Creating a Custom Backend
The Inference Backend class provides a flexible pipeline for executing machine learning models. The pipeline consists of several steps, each with its own purpose.
Initialize
The Packflow framework will handle most initialization, such as loading and validating configurations. The initialize() step
is an optional method that is called when the Inference Backend is being set up. Therefore, this step is reserved for Inference Backend-specific
logic (e.g., loading model weights or one-time setup code).
from packflow import InferenceBackend
class Backend(InferenceBackend):
def initialize(self, *args, **kwargs):
self.logger.info("Loading model weights")
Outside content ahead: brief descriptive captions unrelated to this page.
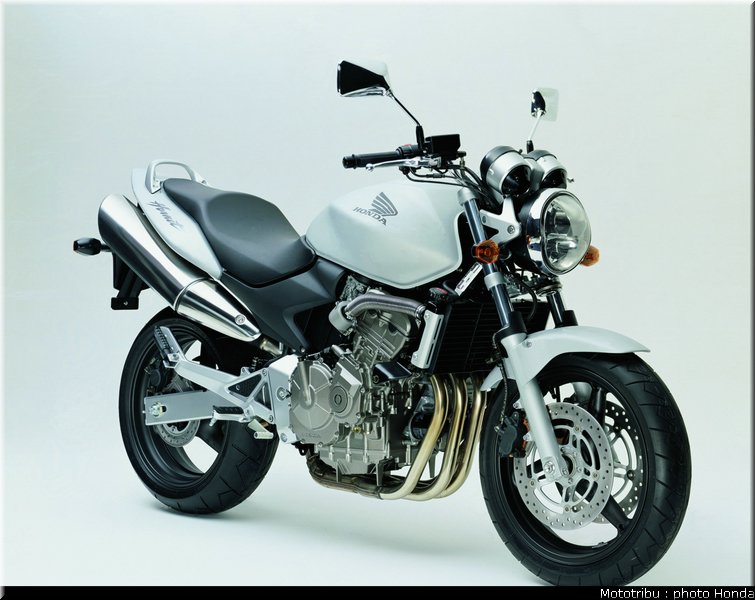 honda_600hornet_2004_005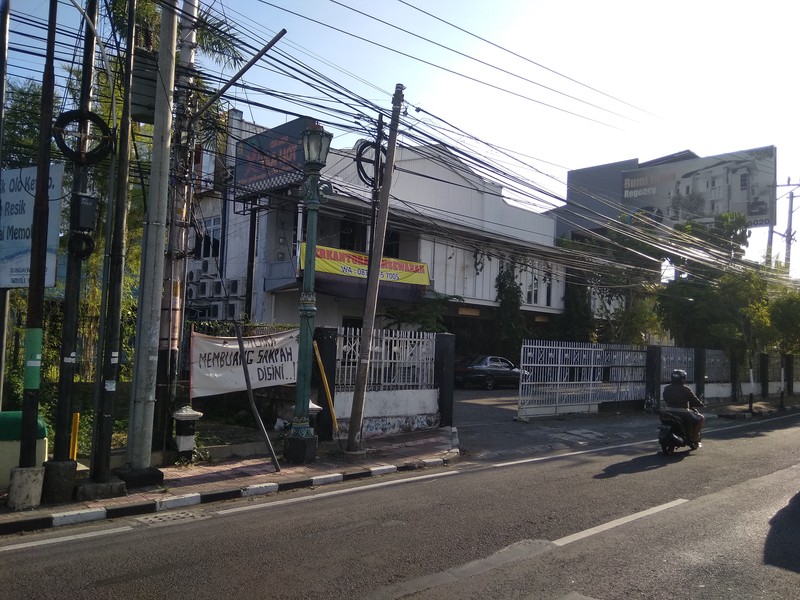 GEDUNG DISEWAKAN FULL FURNISH UNTUK KANTOR DILOKASI STRATEGIS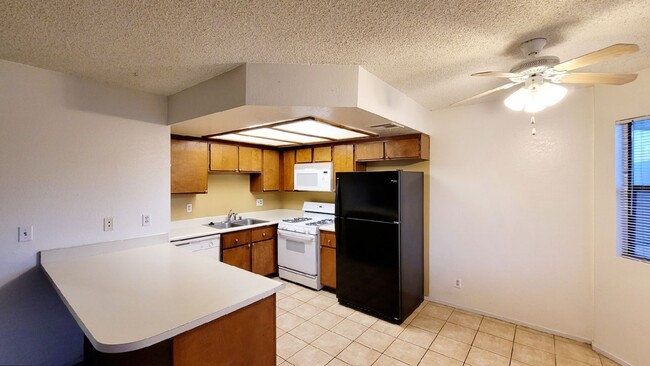 Building Photo - 825 Rock Springs Dr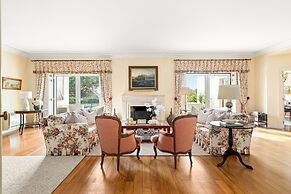 Fairview Villa by Cadenzalux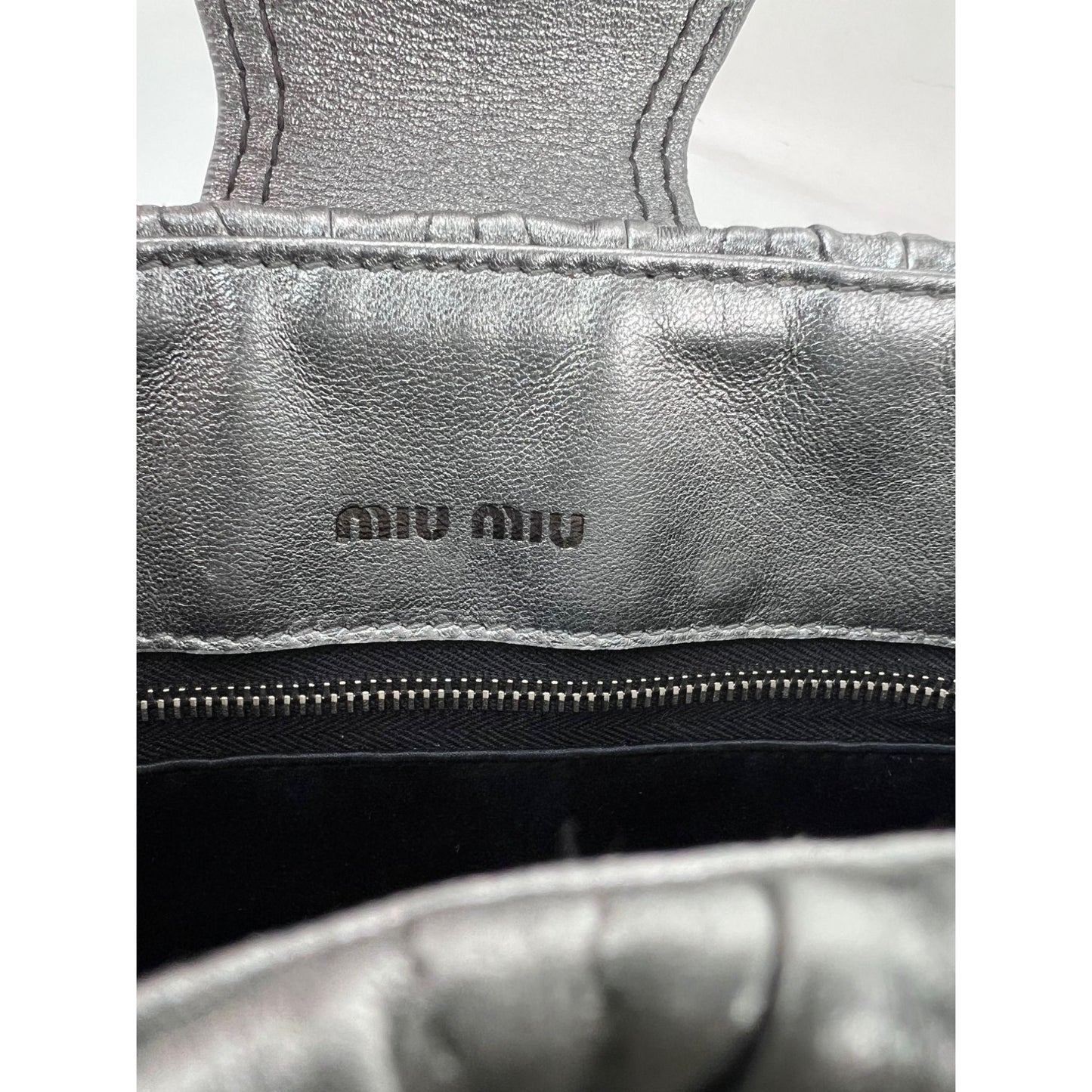 
                  
                    Miu Miu Metallic Silver Nappa Matelasse Crystal Embellished Lady Bag
                  
                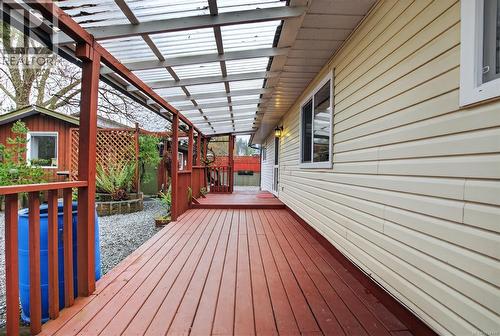 8071 Queen St, Crofton, BC - Outdoor With Exterior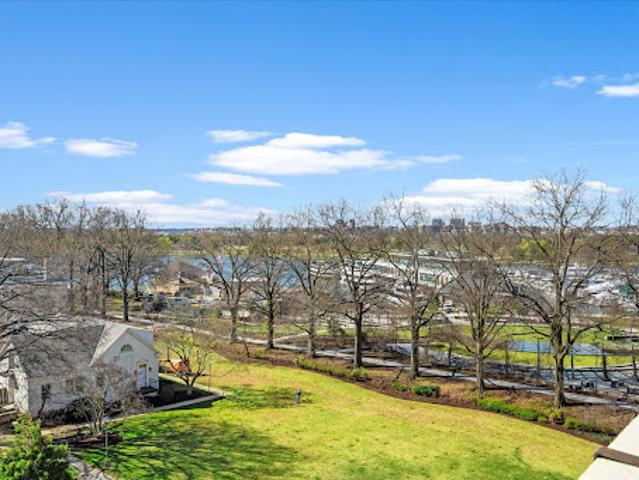 Apartment for sale in Washington, Washington DC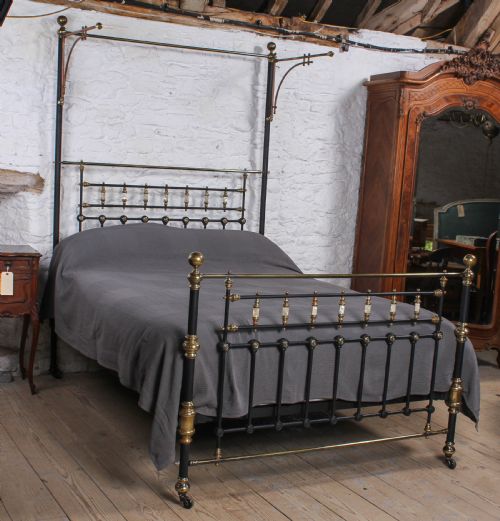 fig 1. Beautiful Victorian king size half tester bed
self.logger.info("Placing model on GPUs")
# ... etc
Preprocess
A preprocessing step, separate from the user-defined transform_inputs() step, can be configured using a Backend Configuration.
To understand the available preprocessors, see Preprocessors.
Transform Inputs
The transform_inputs() step is an optional method that ingests preprocessed data and returns its outputs to the
execute() method.
Input: Specified by the input_format and could be any raw inputs, preprocessed records, or a numpy array.
Output: Fully transformed, model-ready features.
Execute
The execute() step is a required method that ingests transformed inputs and returns its model outputs/results
to the transform_outputs() method. There should be minimal pre- or post-processing done in this step to ensure latency
profiling is accurate.
Input:
1. The output of the preprocess step if transform_inputs() is not defined, or
2. The output of the transform_inputs() method.
Output: Model outputs or results.
Warning
If the transform_outputs() step is unused, it must return results that meet Packflow’s
Validation requirements.
Transform Outputs
The transform_outputs() step is an optional method that ingests the outputs of execute() and returns the final
pipeline output.
Input: The direct output of execute().
Output: Clean outputs with business logic or labeling applied for downstream consumers to ingest. The outputs of this method must return results that meet Packflow’s Validation requirements.
Best Practices
Assume that data flowing through the pipeline may originate from multiple replicas and may not be in order.
Ensure that the output of the transform_inputs method is in a format that can be processed by the execute method.
Use the transform_outputs method to apply business logic and convert the model’s output into a JSON-serializable format.